Я тогда ещё плотно не занимался топонимикой этих мест, а когда занялся, то само это знание этих мест мне здорово пригодилось. Оказалось, что это была Сада, и судя по названию это был клон того самого места Адам, возле которого я тогда жил. Проще говоря, здесь тогда жили те же древние человеки, что однажды Адам и основали. Достаточно видеть оба этих места, чтобы понять, что созвучноть их названий совсем даже здесь не случайна.).
Чуть позже на месте Руского контекста появляются различные кары, - окружённые забором из частокола различные постройки. Похоже, что появлялись они в неспокойное время, и жители их больше думали об обороне, нежели о чём-то ещё. Чуть позже в этих местах возникают гурты, которые, как это и следует из их названия, использовались больше предками вотяков. По этой причине их полно вокруг Руского контекста, но в нём самом их нет вообще.
Руские поселения легко идентифицировать по объединению “во” в конце их названий. Только в нём объединение “во” могло соответствовать и соответствовало значению [Руский путь]. Потому как для Руси “во” значило в Руском контексте именно Руский путь и ничего больше. А потому в значении какого-нибудь знания звучания вроде “Иваново”, которое соответствует поселению вне Руского контекста, “во” может значить уже что угодно, но только не [Руский путь].
Про русские, тем более большевистские, топонимы говорить здесь считаю излишним. Слава богу “ленинов” в Руском контексте у нас не появилось, но один “октябрьский” я знаю. Другое дело, что русские всегда страдали страстью к различного рода переименованиям, которая сопровождал всю их экспансию. Потому эти строки я пишу сейчас вовсе не из Глазово, каким и было название этого места всегда (каким его и назвали руси), а из Глазова. Проблема в том, что однажды переименовав само это место, русские забыли как и почему оно так, - “Глазово”, - тогда называлось. И теперь на голубом глазу пытаются определить значение названия “Глазов”, которое они сами ему и дали, - ну не идиоты ли они так?
Приложение 1. Притоки Чепцы (в скобках указаны расстояния в км. устьев притоков от устья Чепцы)

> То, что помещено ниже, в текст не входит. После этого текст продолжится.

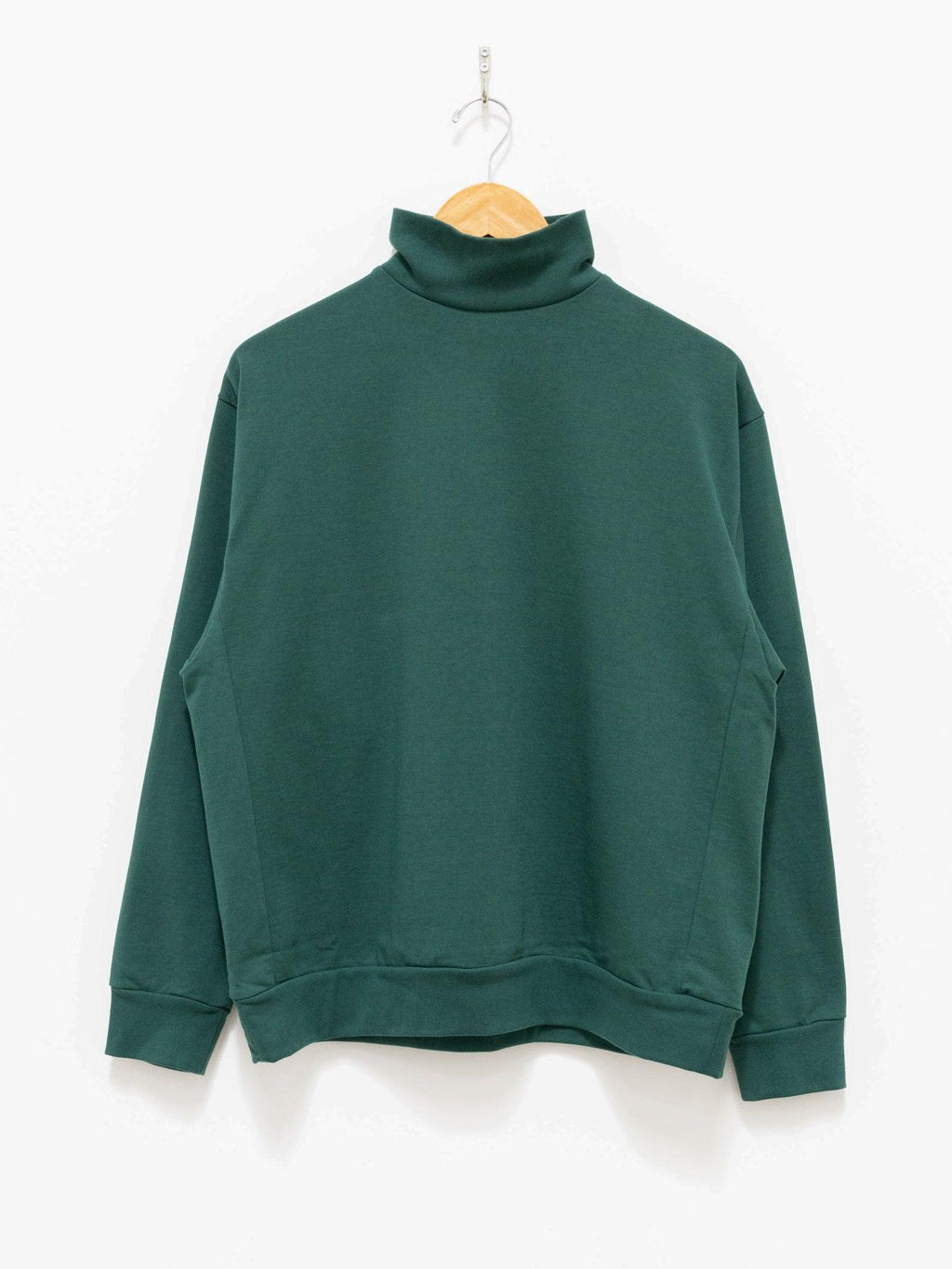 Namu Shop - Veritecoeur High Neck Long Sleeve Tee - Green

“Язвица” (7), “Карина” (39), “Филлиповка” (48), “Светлица” (56), “Мурлевка” (66), “Роговка” (71), “Мелковица” (77), “Сизма” (80), “Косинка” (80), “Малая Кордяга” (88), “Кордяга” (103), “Дубовица” (117), “Заозерянка” (129), Коса” (134), “Боровка” (136), “Полынка” (143), “Новая” (159), “Яровка” (183), “Святица” (188), “Ясновка” (194), Сада” (199), “Еловка” (199), “Кострома” (218), “Сизьма” (220), “Лек(ма)” (226)), ”Пуд(ем)” (232), “Бармашур” (234), “Тум” (237), “Лезя” (250), “Жаба” (262), “Кузь(ма)” (268), “Пышкец” (273), “Убыть” (278), “Сыга” (280), “Утемка” (283), “Пызеп” (292), “Сепыч” (295), “Кестымка” (319), “Юнда” (334), “Кеп” (347), “Унтемка” (352), “Люк” (359), “Пызеп” (361), “Пулыбка” (380), “Туга” (”Тугалудка”) (396), “Лоза” (399), “Люк” (407), “Лып” (411), “Ирымка” (429), “Ил” (438), “Сылызь” (442), “Медла” (450), “Медло” (451), “Пыхта”(458), “Лем” (459), “Кизелка” (472), “Грязнуха” (479), Легзюшка”(479), “Кен” (491).